Evaporative damping in open system theory of Bose-Einstein Condensates

TL;DR

This paper introduces a new evaporative damping mechanism in the open system theory of Bose-Einstein condensates, derived from previously neglected terms, providing a more complete first-principles model of their finite-temperature dynamics.

Contribution

It identifies and formulates a novel evaporative damping process in the SPGPE framework, enhancing the understanding of condensate dynamics at finite temperature.

Findings

Evaporative damping is comparable to number damping in strength.

Derived simplified and dimensionally reduced forms of the damping.

Completes the SPGPE description of ultracold Bose gases.

Abstract

We derive a new damping mechanism in the open quantum systems description of Bose-Einstein condensates. It stems from previously neglected terms in the derivation of the stochastic projective Gross-Pitaevskii equation (SPGPE), accounting for a nonlinear evaporation of particles from the coherent into the incoherent region.

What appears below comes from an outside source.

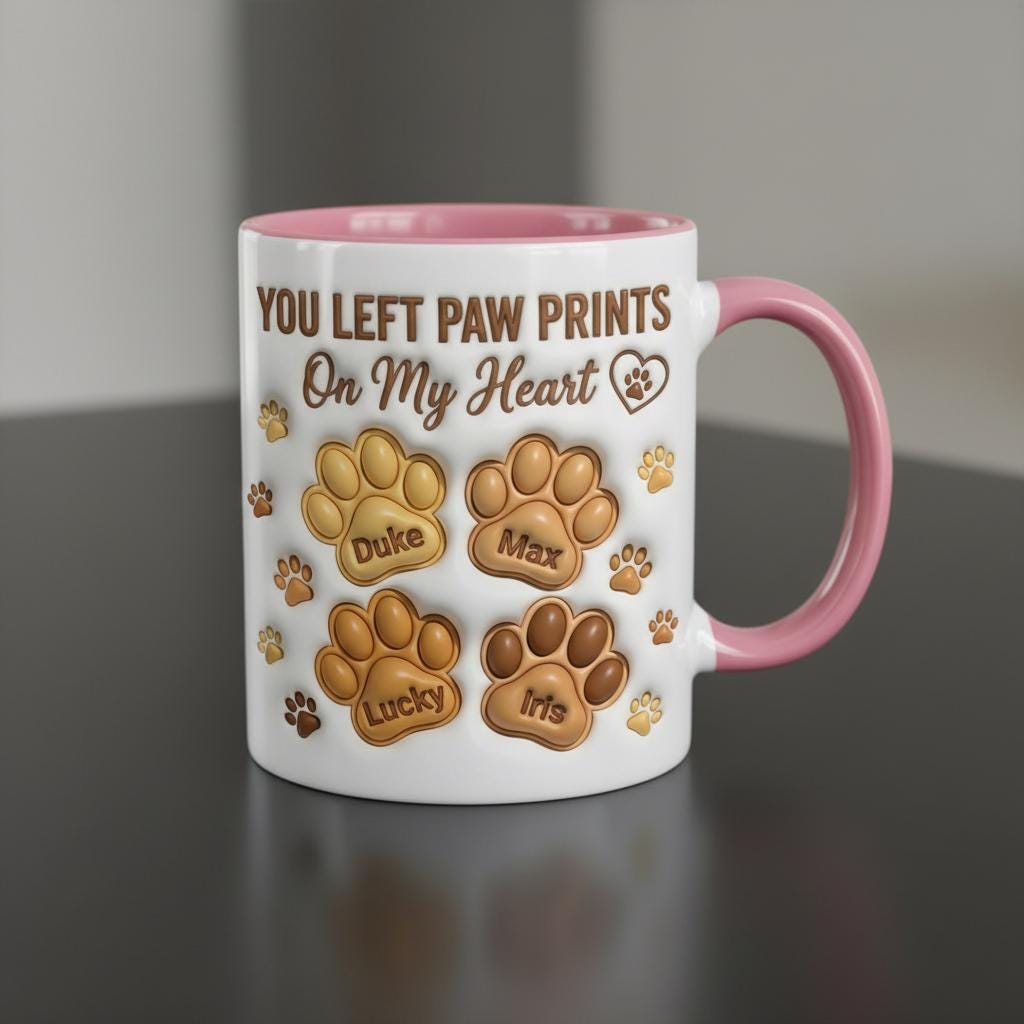 Custom Dog Mug, Personalized Dog Lover Coffee Cup, Dog Mom Cat Accent Mug, You Left Paw Prints On My Heart - image 3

We demonstrate that the mechanism, while so far assumed to be of minor importance, is comparable in strength to the widely employed number damping. We also provide a simplified (pseudo)-local and a dimensionally reduced form of this evaporative damping. The process completes the SPGPE description of ultracold Bose gases giving a full first-principles picture of their evolution at finite temperature.